Of residents age 16 or older, 26% were working in the civilian labor force. Their mean travel time to work was 33 minutes. The median household income was $53,175. Of the population, 7% were below the poverty level.

===2010 census===
As of the census of 2010, there were 8,749 people living in 5,803 households in the area. The average household size was 1.57. The population density was 7,997 people per square mile.

The racial makeup of the area was 75% White, 17% African American, 0.1% Native American, 4% Asian, 0.1% Pacific Islander, and 2% from two or more races. Hispanic or Latino people of any race were 7% of the population. 71% were white and not Hispanic or Latino.

The population included 1,444 veterans. Foreign-born persons consisted of 23% of the population.

In the area the population was spread out, with 4.5% under the age of 18, 22.6% from age 18 to 64, and 72.9% who were 65 years of age or older. Of the population, 62.5% were female.

===2000 census===
As of the census of 2000, there were 7,569 people, 4,857 households, and 1,792 families residing in the area.

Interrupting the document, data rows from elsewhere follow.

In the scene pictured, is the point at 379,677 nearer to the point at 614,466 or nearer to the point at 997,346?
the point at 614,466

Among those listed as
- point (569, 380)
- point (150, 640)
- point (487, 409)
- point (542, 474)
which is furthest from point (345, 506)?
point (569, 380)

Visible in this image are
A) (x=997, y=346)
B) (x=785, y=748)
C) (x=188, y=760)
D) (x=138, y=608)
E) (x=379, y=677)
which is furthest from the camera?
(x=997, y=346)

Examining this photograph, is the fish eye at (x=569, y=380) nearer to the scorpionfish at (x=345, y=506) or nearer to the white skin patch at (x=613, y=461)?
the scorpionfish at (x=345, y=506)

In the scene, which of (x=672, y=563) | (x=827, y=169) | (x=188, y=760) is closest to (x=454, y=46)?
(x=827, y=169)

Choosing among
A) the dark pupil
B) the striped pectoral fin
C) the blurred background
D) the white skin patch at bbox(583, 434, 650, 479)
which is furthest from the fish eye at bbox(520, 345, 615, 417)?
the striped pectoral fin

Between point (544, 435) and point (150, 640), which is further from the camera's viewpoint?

The population density was 6,918.0 PD/sqmi. There were 5,347 housing units at an average density of 4,887.1 /sqmi. The racial makeup of the area was 83.15% White, 11.57% African American, 0.04% Native American, 1.74% Asian, 0.01% Pacific Islander, 1.81% from other races, and 1.66% from two or more races. Hispanic or Latino people of any race were 4.43% of the population.

There were 4,857 households, out of which 3.5% had children under the age of 18 living with them, 32.4% were married couples living together, 3.8% had a female householder with no husband present, and 63.1% were non-families. 61.2% of all households were made up of individuals, and 56.8% had someone living alone who was 65 years of age or older. The average household size was 1.53 and the average family size was 2.33.

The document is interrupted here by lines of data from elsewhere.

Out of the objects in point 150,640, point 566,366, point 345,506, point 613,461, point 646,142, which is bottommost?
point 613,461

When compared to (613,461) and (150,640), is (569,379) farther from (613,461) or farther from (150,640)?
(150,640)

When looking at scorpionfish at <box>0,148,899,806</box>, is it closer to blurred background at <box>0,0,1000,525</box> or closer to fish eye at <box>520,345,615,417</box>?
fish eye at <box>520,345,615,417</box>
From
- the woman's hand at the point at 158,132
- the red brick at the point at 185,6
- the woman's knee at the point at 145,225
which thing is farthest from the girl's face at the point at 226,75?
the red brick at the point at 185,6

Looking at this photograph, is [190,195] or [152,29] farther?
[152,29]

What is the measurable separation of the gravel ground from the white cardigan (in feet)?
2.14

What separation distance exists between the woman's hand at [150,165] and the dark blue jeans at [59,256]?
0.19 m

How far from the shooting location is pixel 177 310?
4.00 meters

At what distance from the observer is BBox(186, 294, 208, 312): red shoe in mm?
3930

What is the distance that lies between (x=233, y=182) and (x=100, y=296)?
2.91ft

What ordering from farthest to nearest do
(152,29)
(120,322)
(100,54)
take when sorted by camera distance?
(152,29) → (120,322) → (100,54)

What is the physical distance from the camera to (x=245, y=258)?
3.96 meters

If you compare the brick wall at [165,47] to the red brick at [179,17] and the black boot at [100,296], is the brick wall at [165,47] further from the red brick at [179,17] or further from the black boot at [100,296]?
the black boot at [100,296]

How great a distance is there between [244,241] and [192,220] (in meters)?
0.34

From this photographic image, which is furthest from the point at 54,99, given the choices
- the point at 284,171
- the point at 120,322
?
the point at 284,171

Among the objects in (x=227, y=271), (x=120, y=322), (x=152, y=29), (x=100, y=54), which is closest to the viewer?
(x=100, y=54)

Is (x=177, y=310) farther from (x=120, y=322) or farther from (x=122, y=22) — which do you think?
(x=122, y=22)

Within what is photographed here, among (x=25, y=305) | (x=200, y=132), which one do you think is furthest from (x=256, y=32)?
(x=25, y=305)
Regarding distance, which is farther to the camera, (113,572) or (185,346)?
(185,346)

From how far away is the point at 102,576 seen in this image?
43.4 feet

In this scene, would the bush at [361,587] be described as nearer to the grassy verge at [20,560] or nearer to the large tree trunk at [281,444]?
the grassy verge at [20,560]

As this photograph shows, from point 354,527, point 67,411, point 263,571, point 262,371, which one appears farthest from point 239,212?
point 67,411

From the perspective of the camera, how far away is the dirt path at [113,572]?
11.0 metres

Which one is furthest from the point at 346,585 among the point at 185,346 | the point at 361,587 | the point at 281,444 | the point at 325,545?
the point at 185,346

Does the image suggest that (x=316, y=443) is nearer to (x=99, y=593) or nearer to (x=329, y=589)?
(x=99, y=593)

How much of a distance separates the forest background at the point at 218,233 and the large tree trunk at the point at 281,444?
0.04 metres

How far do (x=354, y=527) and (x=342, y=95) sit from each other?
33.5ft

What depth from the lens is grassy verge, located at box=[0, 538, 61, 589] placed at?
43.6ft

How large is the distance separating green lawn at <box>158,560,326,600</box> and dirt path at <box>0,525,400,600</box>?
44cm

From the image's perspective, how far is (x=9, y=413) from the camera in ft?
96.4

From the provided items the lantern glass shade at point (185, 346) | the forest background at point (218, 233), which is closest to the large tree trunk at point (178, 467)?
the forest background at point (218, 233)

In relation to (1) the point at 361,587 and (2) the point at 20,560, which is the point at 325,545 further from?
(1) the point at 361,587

In the area the population was spread out, with 5.2% under the age of 18, 1.8% from 18 to 24, 6.8% from 25 to 44, 9.7% from 45 to 64, and 76.5% who were 65 years of age or older. The median age was 77 years. For every 100 females, there were 52.5 males. For every 100 females age 18 and over, there were 50.9 males.

The median income for a household in the area was $45,945, and the median income for a family was $63,773. Males had a median income of $54,408 versus $36,038 for females. The per capita income for the area was $37,761. About 1.0% of families and 4.1% of the population were below the poverty line, including none of those under age 18 and 4.1% of those age 65 or over.